3 Steps to Value-Based Pricing in Professional Services

As I stated in the introductions, there are 3 basic steps to value-based pricing:

  1. Understand what’s important (valuable) to your existing clients,
  2. Identify what problems your services solve for your existing clients (what value you provide)
  3. Make your offering irresistible to new clients you pitch by packaging it in a way that makes the price seem fair if not even fantastic.

Prerequisites to Value-Based Pricing

Chances are you’re currently doing cost-plus pricing. You calculate your costs and then add a margin, say 20%. It’s easy, it works and you can bill as much as you need to cover costs. But you’ll never capture what the customer is actually willing to pay. Value-based pricing helps you do that.

Value-based pricing depends on:

  1. That what you do for the client creates perceived value.
  2. That in a business setting, that value can be specified, measured or estimated in terms of money (earnings, savings or reduced risk).
  3. That you and the client can reach agreement on that value through a price.
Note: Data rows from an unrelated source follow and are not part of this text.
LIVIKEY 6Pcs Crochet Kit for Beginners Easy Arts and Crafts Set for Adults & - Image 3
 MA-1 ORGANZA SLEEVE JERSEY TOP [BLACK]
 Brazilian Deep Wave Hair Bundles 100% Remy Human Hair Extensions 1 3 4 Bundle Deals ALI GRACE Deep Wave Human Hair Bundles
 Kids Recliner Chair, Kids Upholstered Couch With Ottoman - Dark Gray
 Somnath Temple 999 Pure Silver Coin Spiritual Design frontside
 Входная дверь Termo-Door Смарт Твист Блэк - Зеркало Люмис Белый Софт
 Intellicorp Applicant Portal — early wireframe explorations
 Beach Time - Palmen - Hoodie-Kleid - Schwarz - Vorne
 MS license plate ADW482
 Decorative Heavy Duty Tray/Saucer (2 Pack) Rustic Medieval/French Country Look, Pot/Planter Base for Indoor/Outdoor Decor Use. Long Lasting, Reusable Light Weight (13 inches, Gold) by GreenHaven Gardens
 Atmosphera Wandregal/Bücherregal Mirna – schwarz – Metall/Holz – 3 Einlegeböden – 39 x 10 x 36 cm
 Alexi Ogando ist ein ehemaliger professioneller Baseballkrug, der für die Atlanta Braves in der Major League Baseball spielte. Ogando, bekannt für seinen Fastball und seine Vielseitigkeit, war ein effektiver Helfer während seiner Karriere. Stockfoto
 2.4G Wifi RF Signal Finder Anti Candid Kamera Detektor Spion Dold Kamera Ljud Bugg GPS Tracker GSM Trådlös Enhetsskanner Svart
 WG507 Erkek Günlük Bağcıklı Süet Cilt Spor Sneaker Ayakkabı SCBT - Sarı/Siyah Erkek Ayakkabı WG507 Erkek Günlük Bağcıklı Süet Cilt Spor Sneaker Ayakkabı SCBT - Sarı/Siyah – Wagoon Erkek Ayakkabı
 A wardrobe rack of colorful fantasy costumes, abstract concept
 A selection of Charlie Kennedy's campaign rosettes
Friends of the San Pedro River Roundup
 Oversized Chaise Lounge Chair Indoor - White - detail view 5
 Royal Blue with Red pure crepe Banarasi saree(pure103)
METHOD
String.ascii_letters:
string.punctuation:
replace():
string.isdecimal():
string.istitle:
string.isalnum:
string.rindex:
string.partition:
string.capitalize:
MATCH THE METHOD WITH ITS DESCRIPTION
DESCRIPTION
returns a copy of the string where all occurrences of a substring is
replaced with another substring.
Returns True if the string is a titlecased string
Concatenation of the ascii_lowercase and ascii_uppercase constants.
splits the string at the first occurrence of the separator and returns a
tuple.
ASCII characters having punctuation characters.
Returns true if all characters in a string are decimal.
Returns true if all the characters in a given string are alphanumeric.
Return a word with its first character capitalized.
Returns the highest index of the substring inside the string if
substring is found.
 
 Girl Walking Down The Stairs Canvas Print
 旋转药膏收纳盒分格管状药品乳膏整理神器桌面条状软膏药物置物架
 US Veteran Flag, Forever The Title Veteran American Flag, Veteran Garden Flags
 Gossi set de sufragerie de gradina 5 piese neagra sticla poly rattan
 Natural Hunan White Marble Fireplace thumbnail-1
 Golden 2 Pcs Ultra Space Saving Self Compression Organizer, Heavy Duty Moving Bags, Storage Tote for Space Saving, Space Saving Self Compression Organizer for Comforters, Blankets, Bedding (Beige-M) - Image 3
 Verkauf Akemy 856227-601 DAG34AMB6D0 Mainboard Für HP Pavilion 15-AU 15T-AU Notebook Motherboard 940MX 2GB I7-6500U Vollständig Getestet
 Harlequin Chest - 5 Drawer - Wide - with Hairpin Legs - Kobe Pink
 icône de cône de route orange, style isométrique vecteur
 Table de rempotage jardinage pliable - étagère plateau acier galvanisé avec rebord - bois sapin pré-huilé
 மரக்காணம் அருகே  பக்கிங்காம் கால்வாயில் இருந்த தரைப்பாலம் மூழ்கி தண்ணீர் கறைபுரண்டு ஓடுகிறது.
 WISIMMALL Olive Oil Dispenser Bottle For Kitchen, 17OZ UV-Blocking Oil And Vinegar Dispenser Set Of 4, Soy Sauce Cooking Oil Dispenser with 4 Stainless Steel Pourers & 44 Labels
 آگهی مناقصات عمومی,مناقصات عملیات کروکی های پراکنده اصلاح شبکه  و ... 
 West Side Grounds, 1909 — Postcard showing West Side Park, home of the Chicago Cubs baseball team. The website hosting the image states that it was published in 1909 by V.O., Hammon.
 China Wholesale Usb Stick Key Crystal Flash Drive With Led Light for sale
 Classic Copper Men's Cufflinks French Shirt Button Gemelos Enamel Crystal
Perceived Value Is the Only Value 

The keyword here is perceived. The irony of it all is that whether you create value or not is secondary to how the buyer perceives it. You may create fantastic value but communicate it poorly and therefore fail to price it effectively. Or you may deliver average value, objectively compared to competitors, but manage to keep the customer satisfied and gladly paying premiums. Either way, the customer is the only judge of value that matters.

Whatever strategy you pick, be aware that there are value-based pricing strategies that are more difficult. In this article, I’ll cover the value-based pricing strategy I recommend to most agencies and consultants. It’s the one that I think it’s easiest to succeed with.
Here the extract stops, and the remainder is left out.